Anforderungen an ein kommunales Tax Compliance Management-System - 9. Juni 2021

09.06.2021

Welche organisatorischen und steuerrechtlichen Anforderungen beim Aufbau eines kommunalen Tax Compliance Management-Systems (Tax-CMS) zu beachten sind, haben Studierende der Hochschule für öffentliche Verwaltung und Finanzen Ludwigsburg (HVF) im Rahmen eines Kooperationsprojekts mit der Kämmerei der Stadt Bietigheim-Bissingen untersucht. Im Rahmen des von den Professorinnen Dr. Gabi Meissner und Dr. Tanja Leibold angebotenen Wahlpflichtfachs fanden mehrere Online-Konferenzen statt, an denen der Kämmerer der Großen Kreisstadt Bietigheim-Bissingen, Jens Dörr, der Sachgebietsleiter Haushalt, Frank Kapischke, und der für das Thema Stadt als Steuerschuldner zuständige Mitarbeiter Mehmet Bilbay teilnahmen.
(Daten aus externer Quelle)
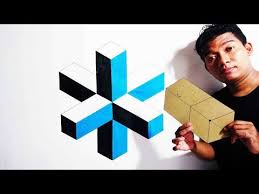 Kutipan dari chris frith ini masuk akal ketika anda menyadari betapa hebatnya gambar 3d dalam menyesatkan dan mengubah persepsi kita. 130 Ide 3d Wall Art Draw Painting Di 2021 Gambar 3d Dinding Lukisan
Als Lehrbeauftragter und ehemaliger Studierender ist Jens Dörr der HVF eng verbunden und sehr daran interessiert, Studierende frühzeitig für die aktuellen Fragestellungen der Praxis zu sensibilisieren.

Ab dem 1.Januar 2023 werden durch die Einführung von § 2b UStG (Umsatzsteuergesetz) erhöhte steuerrechtliche Anforderungen an die Kommunen gestellt, da Leistungen umsatzsteuerpflichtig werden, die es bisher nicht waren. Wie viele Kommunen begegnet Bietigheim-Bissingen den mit den gesteigerten steuerrechtlichen Pflichten einhergehenden letztlich auch steuerstrafrechtlichen Risiken mit dem Aufbau eines Tax Compliance Management-Systems. Neben der Umsatzsteuer stehen dabei darüber hinaus für Kommunen relevante Fragestellungen im Fokus, wie beispielsweise das Vorliegen eines zur Körperschaftsteuerpflicht führenden Betriebs gewerblicher Art.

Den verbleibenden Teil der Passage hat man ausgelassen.